I would always ask my mother why we wouldn’t go all out for Christmas decorations, just once this year? She would consistently reply explaining how Christmas wasn’t “our holiday” and that we “have a Christmas of our own”. 

“Our Christmas is Diwali”, she would say. I would always feel a little deflated whenever she gave me that explanation. Diwali didn’t mean snow, Christmas trees, hot chocolate and presents. To me, Diwali meant stuffing myself into itchy, traditional Indian clothes, going to people’s houses to wish them well even though I did not know who they were at all, and sitting through a religious puja where my nose would prickle from the burning incense sticks. For a child, this was not a fun version of “our Christmas”. 

When I was almost 11, my family moved overseas to India. That year, my experience of Diwali was completely different. In India, I realized everyone got a few days off for Diwali, which made everything more festive. Right before break, students and teachers alike would dress up and my school would indulge us in arts and crafts activities like rangoli (a traditional design/pattern made from ground rice) or diya making (clay lamps that are lit on Diwali day). Being in India also meant I had a wider selection in choosing what traditional outfits I could shop for- goodbye to my itchy clothes! 

The best part of all were the lights- Diwali is the festival of lights, and I could finally see justice being done to that. Everywhere I went, no matter which part of town it was, I would see lights strung up on every building, hanging in every doorway. Window sills were decked with flickering oil diyas, and the air was headily laden with fried smells of traditional festival food. Additionally, I found out that people did indeed give out presents to each other on Diwali day- I received everything from new clothes to chocolate, and even money notes being slyly shoved into my hand whilst being caught up in crushing hugs from relatives. 

Via Flickr Creative Commons by Janak Chauhan

It was an entirely different world from the Diwalis I remember spending in the United States. As I got older, I began to understand the variation in cultural practices as they translated from one part of the world to another. Diwali in the States always seemed more subdued, more tame, and more removed. It was almost an abbreviated version of the festival. Diwali in India- the heart and birthplace of the holiday- was an explosion of color, brightness, and noise. It was a celebration that oozed spontaneity and hints of chaos. This Diwali seemed to feel more like “our Christmas”- a festival that was celebrated with as much enthusiasm as Christmas was in the United States. 

However, these stark contrasts do not diminish my appreciation for the Diwali celebrations of my childhood back in the United States. I began to see, in hindsight, the small oasis Diwali represented to my immigrant family. Of course, my gripes with how the festival was celebrated back then was related to my immature demands as a child.
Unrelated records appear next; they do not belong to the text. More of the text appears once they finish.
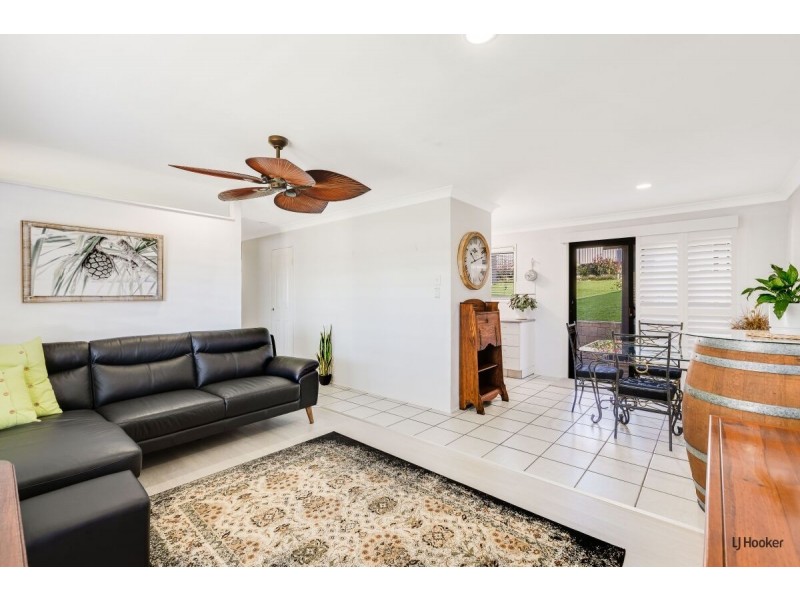 72 Glen Ayr Drive, Banora Point NSW 2486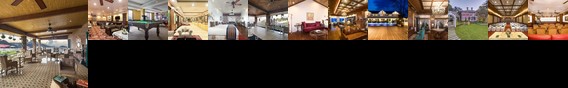Himalayan Hotel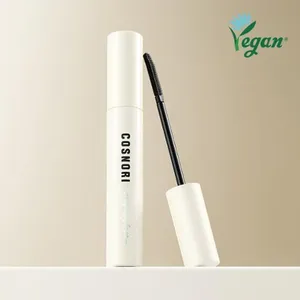 COSNORI 9g Long Active <b>Mascara</b> Remover Good Quality Makeup Remover - Product Image 1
As most children, I was attracted more to the flashiness of Diwali rather than to the significance of it. Diwali was one of the few times of the year that my family was able to claim something for themselves in a country that otherwise was unfamiliar. 

The world today is more globalized than it ever was. I have met more and more people everywhere who know what Diwali is, and take the time to wish those who celebrate it. What used to be a little oasis has grown closer to becoming a seamless patch in the diverse quilt of America. Although the progress of acceptance and appreciation has been halted many times in the past few years, there is a small hope that this progress can now continue. Diwali has been an important beacon of hope for many of my family and friends. It is a time where we find comfort and joy in each other’s company, and in the celebration our heritage. 

Whether you celebrate Diwali or not, the most important thing I would like for you to remember is the wondrous power of light, and the ability it has to dispel darkness. Stay safe, take care of each other, and a very happy Diwali to those of you who do celebrate.